Begin at the line that contains "Teugels' electric catfish" and reproduce it along with every line after it to the end of the listing; skip any pictures.

"""

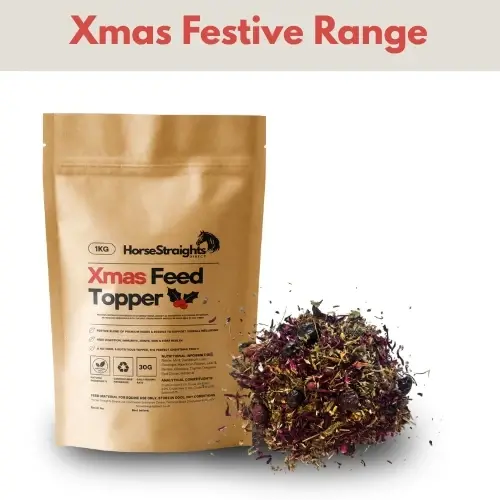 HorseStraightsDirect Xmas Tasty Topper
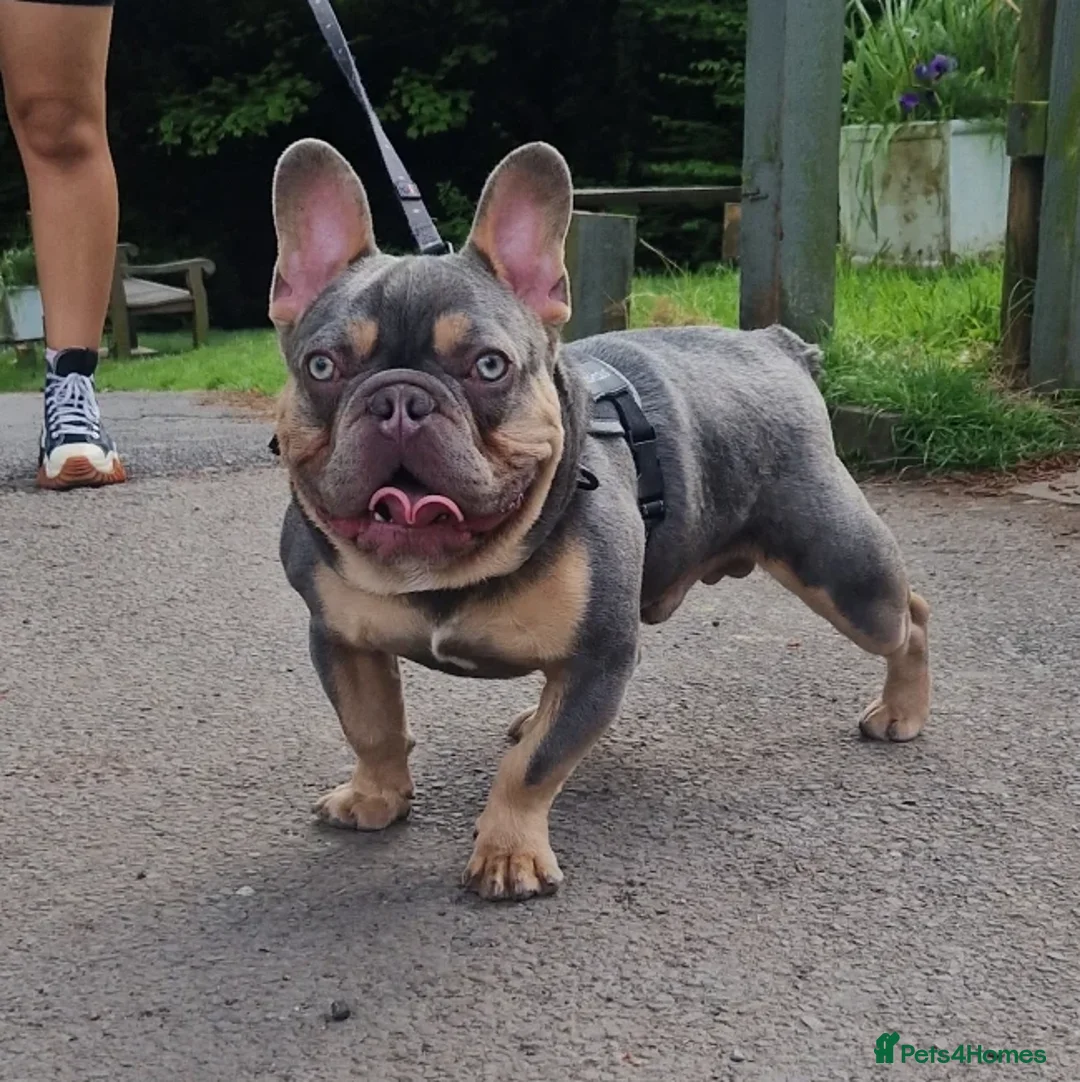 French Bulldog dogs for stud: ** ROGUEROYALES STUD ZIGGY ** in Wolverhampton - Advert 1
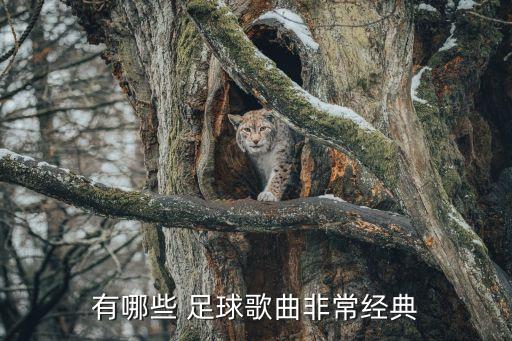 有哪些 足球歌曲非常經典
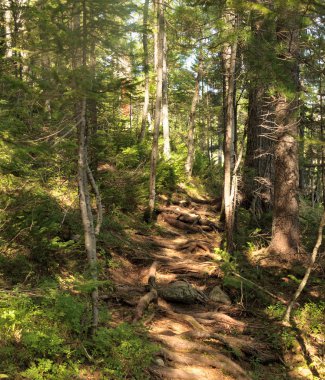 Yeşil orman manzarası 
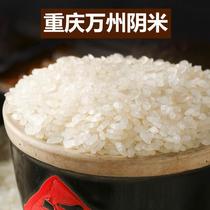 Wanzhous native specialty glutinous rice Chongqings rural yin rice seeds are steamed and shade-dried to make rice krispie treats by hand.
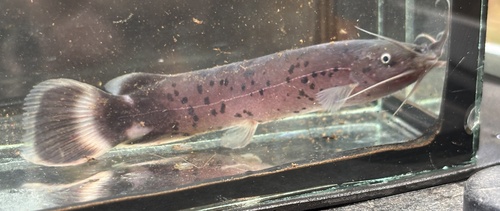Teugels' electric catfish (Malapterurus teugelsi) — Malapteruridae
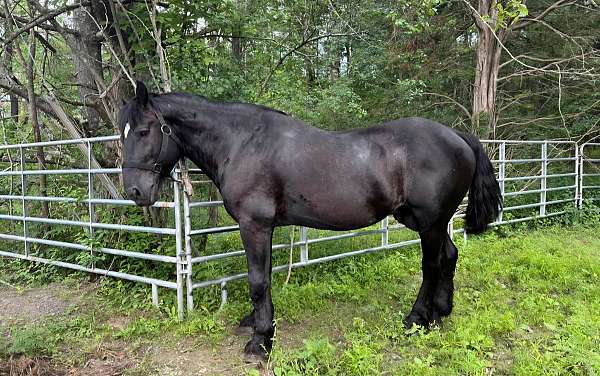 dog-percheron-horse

"""

* _RESULT OF THIS EXERCISE_:
Teugels' electric catfish (Malapterurus teugelsi) — Malapteruridae
 dog-percheron-horse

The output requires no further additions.